Placental dysfunction influences fetal monocyte subpopulation gene expression in preterm birth

Abstract

The placenta is the primary organ for immune regulation, nutrient delivery, gas exchange, protection against environmental toxins, and physiologic perturbations during pregnancy. Placental inflammation and vascular dysfunction during pregnancy are associated with a growing list of prematurity-related complications. The goal of this study was to identify differences in gene expression profiles in fetal monocytes - cells that persist and differentiate postnatally - according to distinct placental histologic domains. Here, by using bulk RNA-Seq, we report that placental lesions are associated with gene expression changes in fetal monocyte subsets. Specifically, we found that fetal monocytes exposed to acute placental inflammation upregulate biological processes related to monocyte activation, monocyte chemotaxis, and platelet function, while monocytes exposed to maternal vascular malperfusion lesions downregulate these processes. Additionally, we show that intermediate monocytes might be a source of mitogens, such as HBEGF, NRG1, and VEGFA, implicated in different outcomes related to prematurity. This is the first study to our knowledge to show that placental lesions are associated with unique changes in fetal monocytes and monocyte subsets. As fetal monocytes persist and differentiate into various phagocytic cells following birth, our study may provide insight into morbidity related to prematurity and ultimately potential therapeutic targets.

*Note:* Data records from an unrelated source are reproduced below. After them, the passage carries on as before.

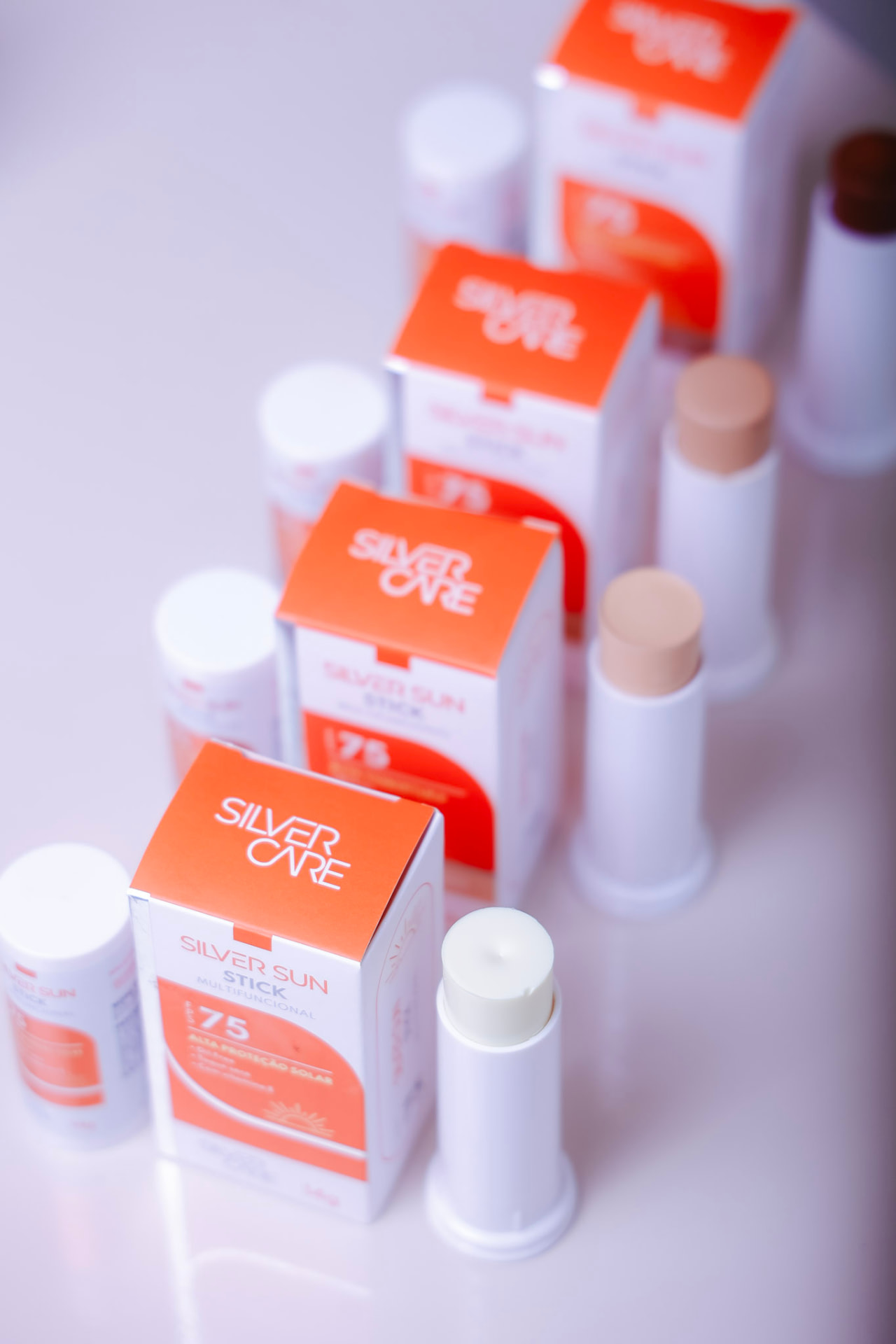 Produtos Silver Sun Stick FPS 75 da Silver Care alinhados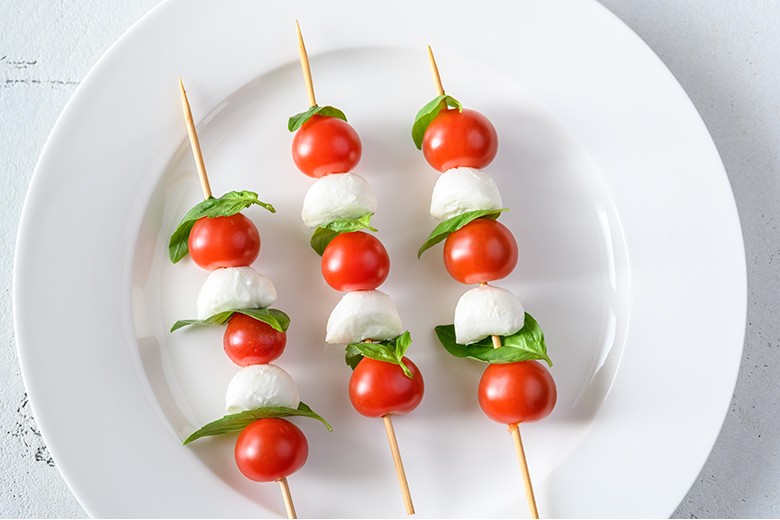 Tomaten-Mozzarella-Spieße
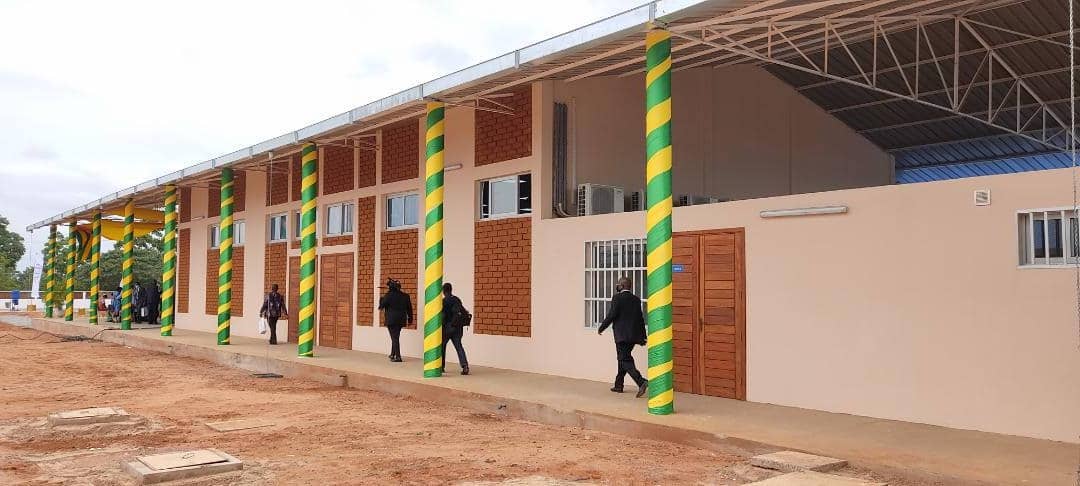 Un Institut de formation en bâtiment inauguré par Faure Gnassingbé à Lomé
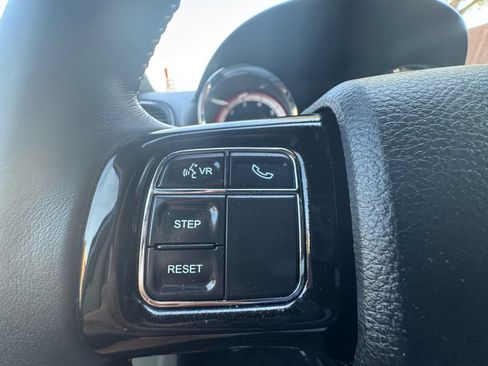 Used 2016 Dodge Grand Caravan SE FWD image 20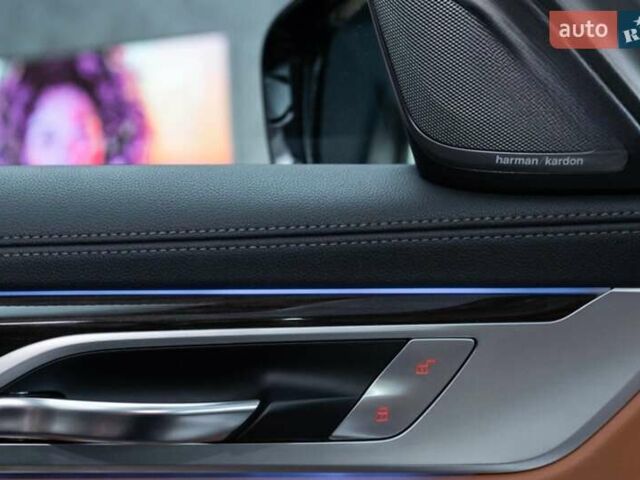 Черный БМВ 7 Серия, объемом двигателя 2 л и пробегом 110 тыс. км за 35000 $, фото 33 на Automoto.ua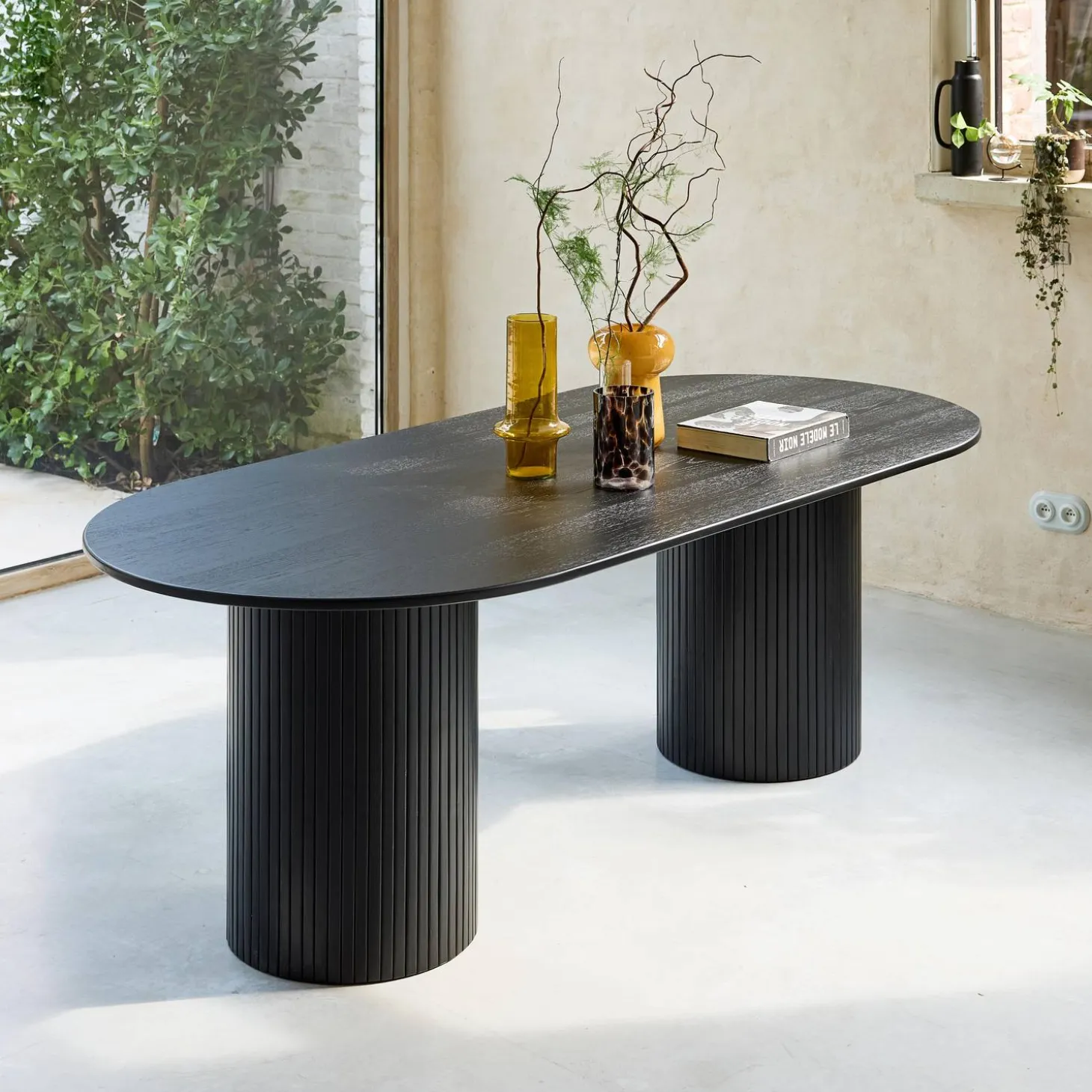 Mesa de comedor de madera de hévea y chapado de roble, 8 plazas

Keywords: Adaptive immunity; Chemokines; Monocytes; Reproductive Biology; Vascular Biology.

Figure 1. Hierarchical clustering on flow cytometry data revealed 2 major clusters.

Group A was characterized by prevalence T cells and B cells, and Group B was characterized by increased abundance of neutrophils.

Figure 2. Cell composition by placental pathology domains.

(A–F) There were no significant differences in cell composition when comparing neutrophils, eosinophils, NK Cells, CD34⁺, B cells, or T cells between different domains of placental pathology (none = 15 cases, AI = 13 cases, CI = 7 cases, MVM = 33 cases, FVM = 2 cases).

Figure 3. Monocyte subpopulations by placental pathology domains.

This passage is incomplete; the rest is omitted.